Sunday, January 9, 2022

Cornelia Funke's MIRRORWORLD series, LIVING SHADOWS: second of 5-book illustrated YA Dark Fantasies


RECKLESS: Living Shadows (MirrorWorld #2)
CORNELIA FUNKE
(tr. Oliver Latsch)
Pushkin Children's Books (non-affiliate Amazon link)
$9.99 Kindle edition, available now

Rating: 4* of five

The Publisher Says: Jacob has saved his brother from the Mirrorworld, but now he will pay a terrible price. A fairy's curse is burning in his heart, and to break the spell he must embark upon a perilous journey - with his trusty friend Fox by his side - to seek out the only treasure that could save him.

Jacob's search for the golden crossbow will lead him across hundreds of miles by land and sea, to an invisible, enchanted palace within the Dead City. It will bring him face to face with vicious beasts, bloodthirsty giants, and a deadly stone­faced rival.

It will test his courage like never before.

Living Shadows is the second book in the thrilling Reckless series.

First book reviewed hereSecond book reviewed here
Third book reviewed hereFourth book reviewed here

I RECEIVED A DRC FROM THE PUBLISHER VIA EDELWEISS+. THANK YOU.

My Review
: I am convinced that this series is cruelly aimed at obsessive completist readers. The cliffhanger at the end of book one makes this book a MUST-READ NOW and, through the magic of Kindle, I was able to read the books back-to-back. I warn all who come after me: To sign up for this voyage into Mirrorworld is to commit to the whole cycle.

I am in.

What happens during the course of this book is that Jacob comes to understand something he'd never given much thought to: My love for you creates my responsibility for you creates a web of obligation that is endless...and as addictive as any narcotic. While we who have read the first book know what a price Jacob has paid, in fact what a price he paid after making a sacrifice that even he isn't quite aware of the dimensions of yet, we're probably not expecting the antagonist of this book.

In fact, I guarantee we're unprepared for the existence of the antagonist of this book. And that's probably Author Funke's most clever sleeve-ace yet. It plays well.

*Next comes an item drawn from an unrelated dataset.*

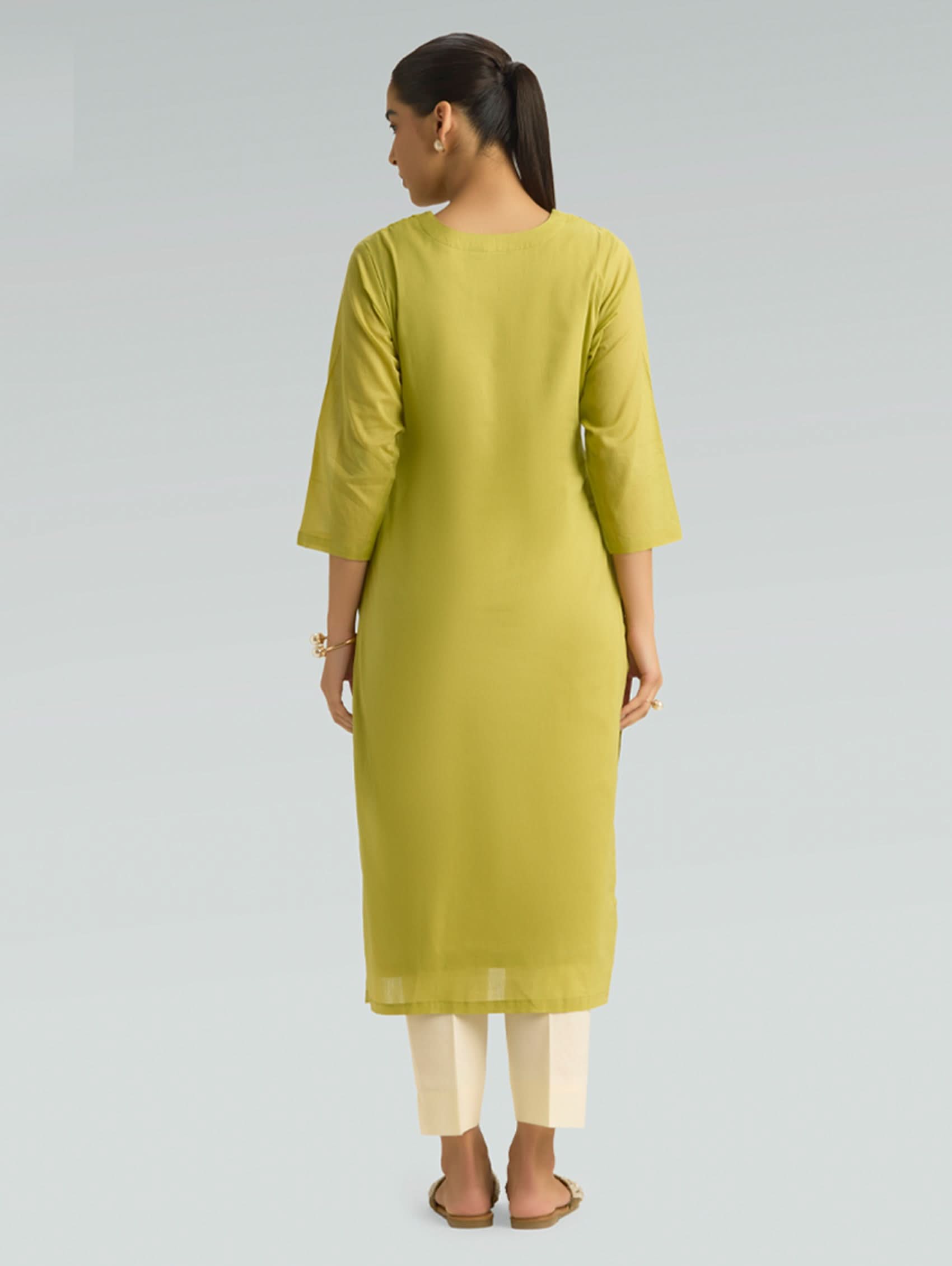 Woman wearing a green kurta with white pants on a gray background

There are the accustomed delights of reading this series' world-building fillips. These are numerous, though enumerating them for you isn't really something worth doing in a review. There is a Fandom wiki, of course there is!, and I didn't look but am willing to bet there's fanfic on AO3. The reason is that Author Funke used every conceivable fairy-tale source to draw her world out from and has made it into a near-seamless whole. (Where there are seams that I can perceive, eg Goyls' method of transmission, it felt to me as though they were intentional not born of inattention to source material.)

The problem I had wth this entry is how kinetic, nay frenetic, it is. We go from pillar to post and back again; Fox is with us, Nerron the treasure-hunting half-Goyl whose existence is new to this book is against us; we're never for a moment at rest, able to take stock, pause to reflect. It's exactly what Author Funke intends, and it's a valid narrative technique but in this reader it creates a sense of distance from the characters. I'm so deep in the world that I don't get to experience his progress through his (final?) days.

Until I read this:
"If you catch your own children in the circle...then you can use the years you take from them for yourself. You're just taking back the life you gave them in the first place. The more of it, the better."

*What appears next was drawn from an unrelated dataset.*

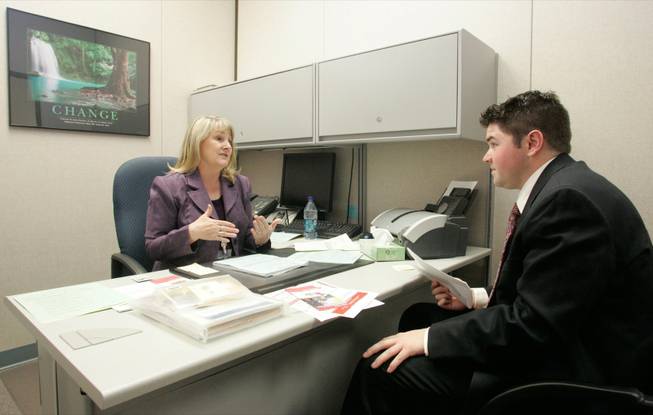 Bonnie Townsend, principal of Hal Smith Elementary School, interviews prospective teacher Brad Peck from Jackson Hole, Wyo., who likes the prospect of slower growth.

That was a gut-punch of a trap set for overeager treasure hunters, wasn't it?! And the sheer violence of the stakes set...if you're not a relative of the curse-setter, you're still going to die in the circle but it won't keep the curse-setter alive...could not be more urgent. Now that Jacob has found this evil place, he thinks he's trapped in the curse.

Fox, his shifter gal-pal, isn't having that. As always, the woman's love saves the man from his stupidity and greed. Though let's be fair to Author Funke, this time Jacob's greed was simply the desire to live that we all suffer from. And since Fox very much wants Jacob still alive, she's hardly just going to watch as he dies from a curse she can stop from progressing...if she's willing to do something that's very, very hard to do and commit murder.

Killing someone/thing in a struggle isn't murder. The intent to kill, the set purpose and the planning of the act...that's murder. Will she murder to save Jacob's life?

You'll have to read the book.

The ending is tremendously exciting.